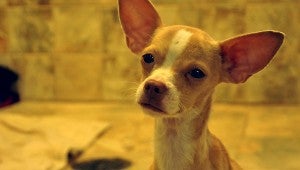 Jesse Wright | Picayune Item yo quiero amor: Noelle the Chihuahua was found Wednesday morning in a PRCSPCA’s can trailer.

==

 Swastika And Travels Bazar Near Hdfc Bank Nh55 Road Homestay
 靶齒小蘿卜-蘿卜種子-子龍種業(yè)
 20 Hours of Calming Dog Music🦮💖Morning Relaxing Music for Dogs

*YOUR INSTRUCTIONS*: Look above for the line containing "Swastika And Travels". Output from there through the line containing "20 Hours of", exactly and inclusively.

*ANSWER SECTION*:
 Swastika And Travels Bazar Near Hdfc Bank Nh55 Road Homestay
 靶齒小蘿卜-蘿卜種子-子龍種業(yè)
 20 Hours of Calming Dog Music🦮💖Morning Relaxing Music for Dogs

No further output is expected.